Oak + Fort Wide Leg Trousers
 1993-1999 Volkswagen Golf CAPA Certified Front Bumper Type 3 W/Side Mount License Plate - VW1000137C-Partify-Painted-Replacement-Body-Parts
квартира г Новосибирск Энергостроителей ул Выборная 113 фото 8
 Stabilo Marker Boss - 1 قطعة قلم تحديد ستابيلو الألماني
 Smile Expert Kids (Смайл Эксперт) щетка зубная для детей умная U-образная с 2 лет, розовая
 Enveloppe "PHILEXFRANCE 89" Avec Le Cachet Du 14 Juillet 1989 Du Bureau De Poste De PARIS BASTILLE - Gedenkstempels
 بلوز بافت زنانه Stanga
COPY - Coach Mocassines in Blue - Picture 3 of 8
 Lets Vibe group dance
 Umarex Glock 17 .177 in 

**How to complete this task:**
While keeping every line the same, please copy out all the records.

**Response area:**
Oak + Fort Wide Leg Trousers
 1993-1999 Volkswagen Golf CAPA Certified Front Bumper Type 3 W/Side Mount License Plate - VW1000137C-Partify-Painted-Replacement-Body-Parts
квартира г Новосибирск Энергостроителей ул Выборная 113 фото 8
 Stabilo Marker Boss - 1 قطعة قلم تحديد ستابيلو الألماني
 Smile Expert Kids (Смайл Эксперт) щетка зубная для детей умная U-образная с 2 лет, розовая
 Enveloppe "PHILEXFRANCE 89" Avec Le Cachet Du 14 Juillet 1989 Du Bureau De Poste De PARIS BASTILLE - Gedenkstempels
 بلوز بافت زنانه Stanga
COPY - Coach Mocassines in Blue - Picture 3 of 8
 Lets Vibe group dance
 Umarex Glock 17 .177 in 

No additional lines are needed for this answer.